Young-rags-to-mature-riches memoir by broker and motivational speaker Gardner.
Born and raised in the Milwaukee ghetto, the author pulled himself up from considerable disadvantage. He was fatherless, and his adored mother wasn’t always around; once, as a child, he spied her at a family funeral accompanied by a prison guard. When beautiful, evanescent Moms was there, Chris also had to deal with Freddie “I ain’t your goddamn daddy!” Triplett, one of the meanest stepfathers in recent literature. Chris did “the dozens” with the homies, boosted a bit and in the course of youthful adventure was raped. His heroes were Miles Davis, James Brown and Muhammad Ali.

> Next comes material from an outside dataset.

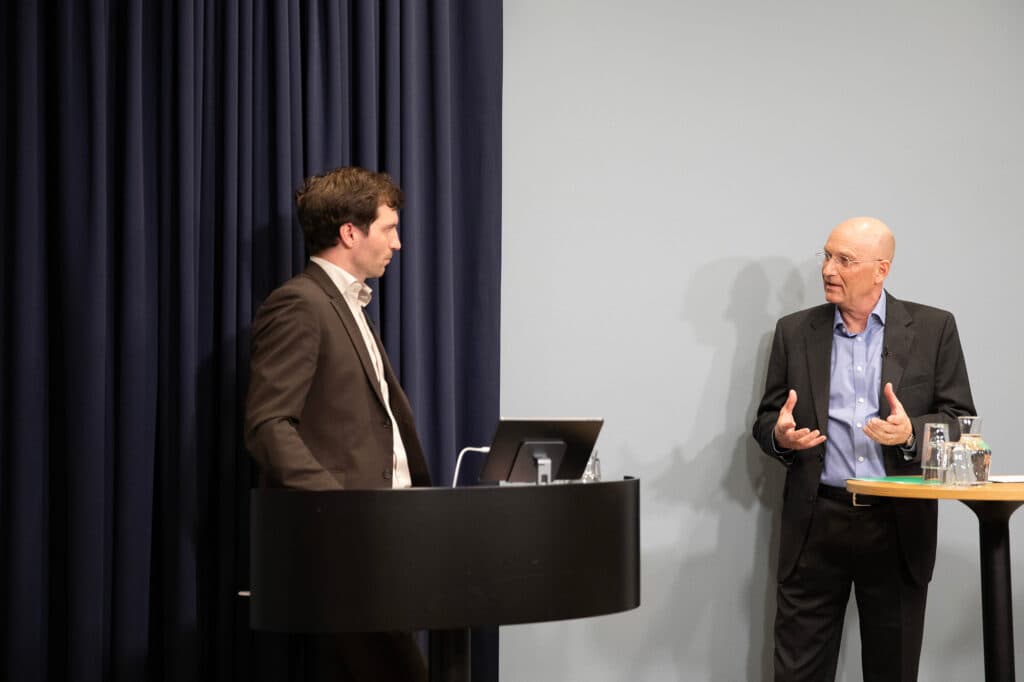 Jonas Klarin och Sveriges Natoambassadör Jan Knutsson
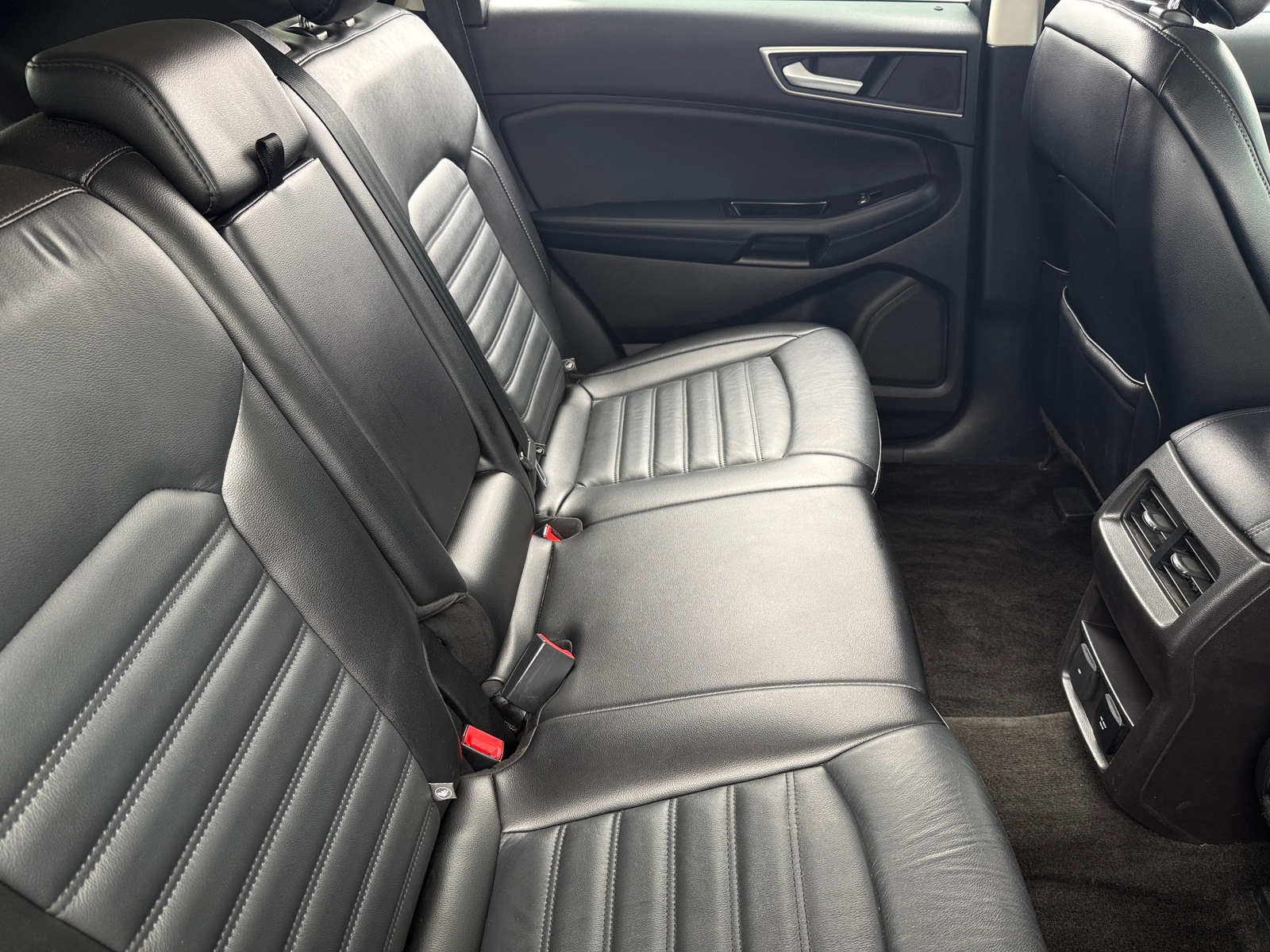 Thumbnail: 2018 Ford Edge - 6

Meanwhile, at the behest of Moms, he developed a fondness for reading. He joined the Navy and became a medic (preparing badass Marines for proctology), and a proficient lab technician. Moving up in San Francisco, married and then divorced, he sold medical supplies. He was recruited as a trainee at Dean Witter just around the time he became a homeless single father. All his belongings in a shopping cart, Gardner sometimes slept with his young son at the office (apparently undiscovered by the night cleaning crew). The two also frequently bedded down in a public restroom. After Gardner’s talents were finally appreciated by the firm of Bear Stearns, his American Dream became real. He got the cool duds, hot car and fine ladies so coveted from afar back in the day. He even had a meeting with Nelson Mandela. Through it all, he remained a prideful parent. His own no-daddy blues are gone now.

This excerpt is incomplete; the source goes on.